Science is a hoax.
To all my biology or chemistry major friends, I respect the good that can come from your field. Illnesses have been cured and discoveries have been made that change people’s lives for the better. Take non-stick pans or Viagra, for example. Our society would be sticky and soft without science.
But I support my initial claim. Science, in some respects, is an overly analytical, emotion-centered joke.
You might ask ‘what sparked this annoyance with a field of study you know absolutely nothing about?’ Well, scientists have discovered why I say ‘aw’ when I see a baby with the hiccups or a kitten playing with a ball of string, according to a Jan. 6 MSNBC article. They’ve defined cute in terms of brain activity and mathematical equations. And where did this get us?
Not everyone agrees this was a waste of good lab equipment, though. Scientists apparently have devoted their entire careers to analyzing facial proportions to determine the level of cuteness and then measuring how that cuteness affects the pleasure centers of our brain.
I can’t imagine how embarrassing it must be to be a scientist whose goal in life is determining what’s cute and why. Where did they go wrong in their eight-plus years of higher education? Working on a cure for cancer must be so 10 minutes ago.
All their hard work paid off. Those scientists solved a mystery and we now know big eyes, cheeks and a forehead apparently are the recipe for cute. Maybe chubby cheeks on a baby do pull at my heartstrings, but this formula for cuteness is limited solely to babies. Bulging eyes like a catfish, cheeks like a squirrel preparing for a long winter and a forehead where you can’t quite tell if hair once grew there on a human or animal of any age won’t make me say ‘aw.’
It sounds rude and vain, but to continue on this petty streak, the scientists started it.
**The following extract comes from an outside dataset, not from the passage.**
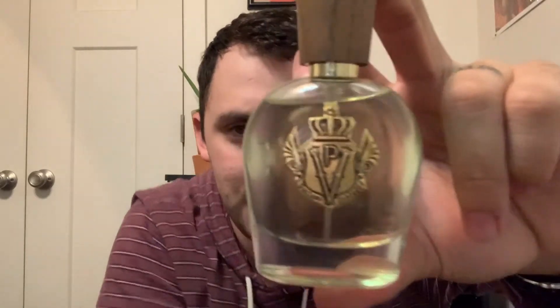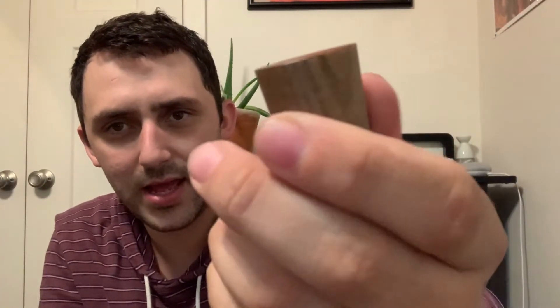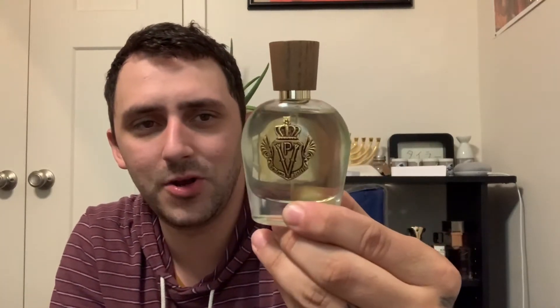Let's go ahead and get into the presentation — I'll turn the light off so there's no glare. Here's the bottle, and I really enjoy their bottles. It's got the P and the V logo for Parfums Vintage, a little gold plaque. The cap is a simple plastic, but what I really like is the wood with the gold accents — it really brings that whole tropical vibe right into the bottle itself. And with the bottle shape, it kind of gives me an old pirate bottle vibe, like something a pirate might keep his rum in.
They were the ones who decided it was appearance, not action that made one thing cuter than another.
I’m all for learning and experimenting just for the sake of building knowledge, but this is too much. Science should work toward something worthwhile. In 1952, Dr. Jonas Salk developed the first successful polio vaccine, which led to 20,000 fewer polio outbreaks in 1953. Dr. Salk might not have known exactly what he was dealing with at the time, but his efforts were directed toward a specific goal with the greater good in mind.
As for the scientists who have a fascination with all things fluffy and cute, what’s their contribution to mankind? Not only do they not have one, but they also likely have wasted valuable grant money in the process to their “life-changing” discovery. Children’s hospitals, disease centers and Doctors Without Borders must all be content on funds and research. The world is a perfect place, after all. So perfect, the only question left to answer was what makes something cute.
Don’t be too harsh on the cute-obsessed scientists, though. Part of the blame for the mockery that has become of science belongs to the perverted scientific community. These scientists discovered men should ogle women’s breasts because it will improve their heart health, according to a March 4, 2011 Fox News segment. I’m no doctor, but I don’t see the connection. Some men might find this “freedom” to stare at breasts pleasurable, but a man who eats six cheeseburgers a day while staring at a woman’s chest probably will still die of heart failure. End of story.
So scientists of the world: We don’t really need to know what color socks will make people happier or why grey T-shirts always seem to fit better. We need legitimate answers and discoveries to questions about cancer or life on Mars. Maybe one day someone could even top the non-stick pan.